Supplied data Start Marker

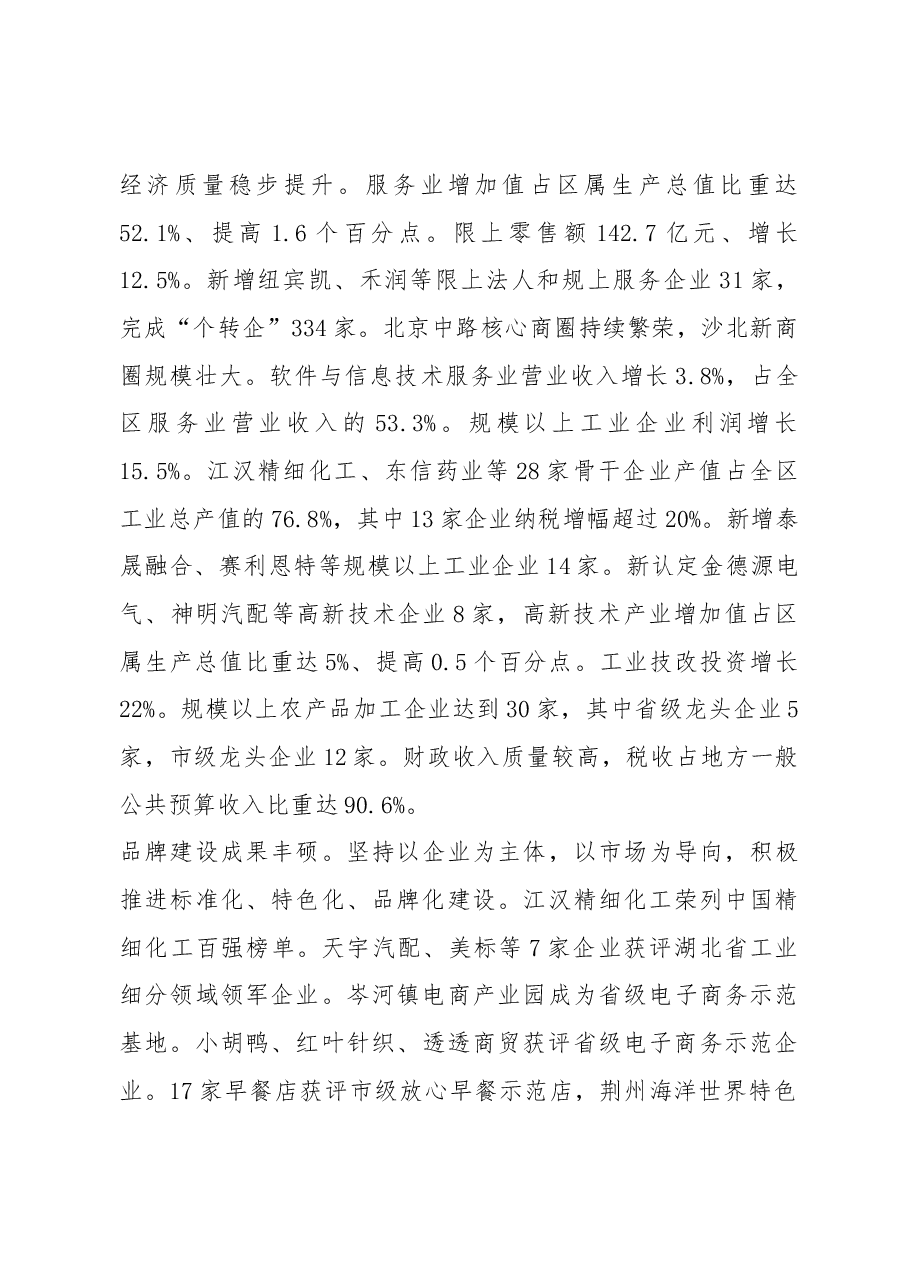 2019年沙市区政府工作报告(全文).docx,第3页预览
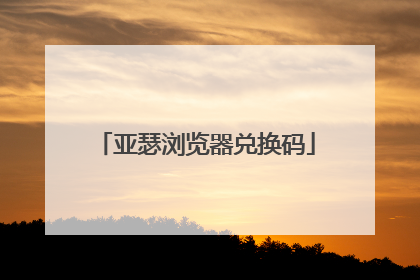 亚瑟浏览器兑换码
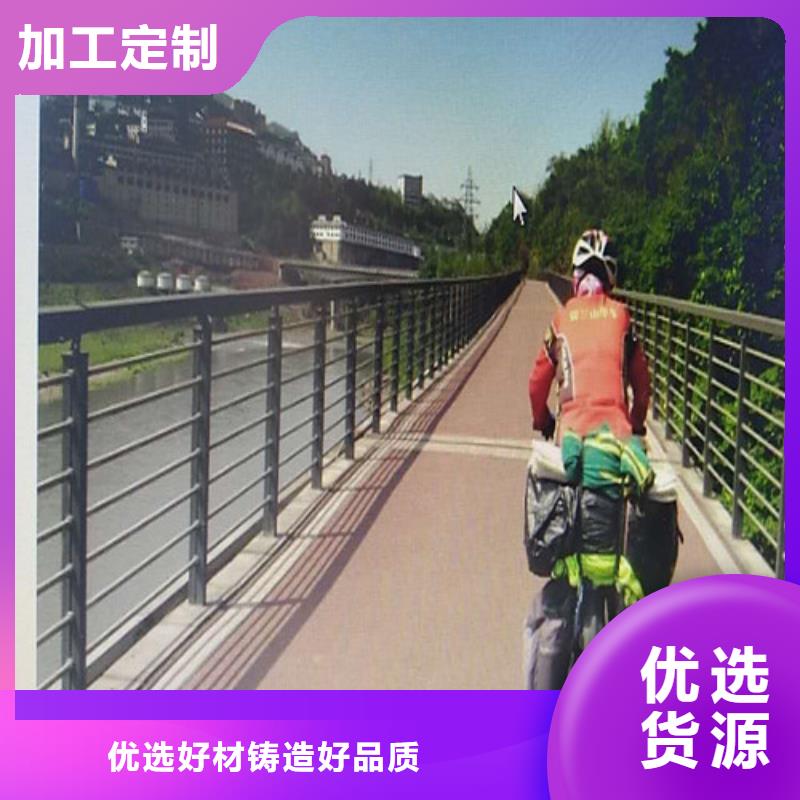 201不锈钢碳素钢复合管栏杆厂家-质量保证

Supplied data End Marker

## Task prompt
Without altering anything, output all the lines above but none of the images.

## Exercise answer
 2019年沙市区政府工作报告(全文).docx,第3页预览
 亚瑟浏览器兑换码
 201不锈钢碳素钢复合管栏杆厂家-质量保证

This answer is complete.